Gibt es eine Möglichkeit GUI Elemente während der Laufzeit zu entfernen ?
Wenn ja, ist soetwas üblich oder eher "unschön" ?

lG Lexi


----------



## diggaa1984 (23. Mrz 2009)

Lexi hat gesagt.:


> Gibt es eine Möglichkeit GUI Elemente während der Laufzeit zu entfernen ?
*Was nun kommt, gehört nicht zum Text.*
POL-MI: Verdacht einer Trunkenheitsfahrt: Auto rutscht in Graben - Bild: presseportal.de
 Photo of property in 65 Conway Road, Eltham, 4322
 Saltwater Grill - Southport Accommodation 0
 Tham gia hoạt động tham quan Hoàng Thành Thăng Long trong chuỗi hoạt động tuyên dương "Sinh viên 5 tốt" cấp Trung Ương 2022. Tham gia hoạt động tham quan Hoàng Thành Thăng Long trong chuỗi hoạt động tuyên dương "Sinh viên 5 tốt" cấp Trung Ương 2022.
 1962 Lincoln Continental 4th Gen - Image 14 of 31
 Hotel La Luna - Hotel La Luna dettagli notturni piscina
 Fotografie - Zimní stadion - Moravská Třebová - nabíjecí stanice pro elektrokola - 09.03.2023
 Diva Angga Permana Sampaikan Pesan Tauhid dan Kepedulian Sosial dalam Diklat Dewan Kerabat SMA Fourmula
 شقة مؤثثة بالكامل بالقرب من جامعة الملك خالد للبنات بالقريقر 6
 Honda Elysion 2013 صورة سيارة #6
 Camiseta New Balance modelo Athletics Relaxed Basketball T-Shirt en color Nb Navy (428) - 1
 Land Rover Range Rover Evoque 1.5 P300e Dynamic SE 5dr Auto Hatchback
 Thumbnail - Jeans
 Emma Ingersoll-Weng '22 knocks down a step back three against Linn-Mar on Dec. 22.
java.awt.Container hat einige removeMethoden




> Wenn ja, ist soetwas üblich oder eher "unschön" ?lG Lexi


worum genau gehts denn :bahnhof:


----------



## Lexi (23. Mrz 2009)

Konkret handelt es sich um die Veränderung der Größe eines Minesweeper Feldes.
Ich habe eine JComboBox in der man die Größe des Spielfeldes auswählen kann und einen Button, der dann dafür sorgen soll, dass das Spielfeld auf die richtige Größe skaliert wird.


----------



## diggaa1984 (23. Mrz 2009)

ah ok,

dann wäre es wohl angebracht das spielfeld als panel zu konzipieren und nur dieses zu entfernen und durch ein neues zu ersetzen .. somit hast den kompletten spielfeld-inhalt egal was da jemals noch inzukommen könnte auf einmal ausradiert


----------



## Lexi (23. Mrz 2009)

Da ich meine Buttons sowieso schon auf einem Panel plaziert habe, werde ich das warscheinlich genauso machen 

Ich danke dir


----------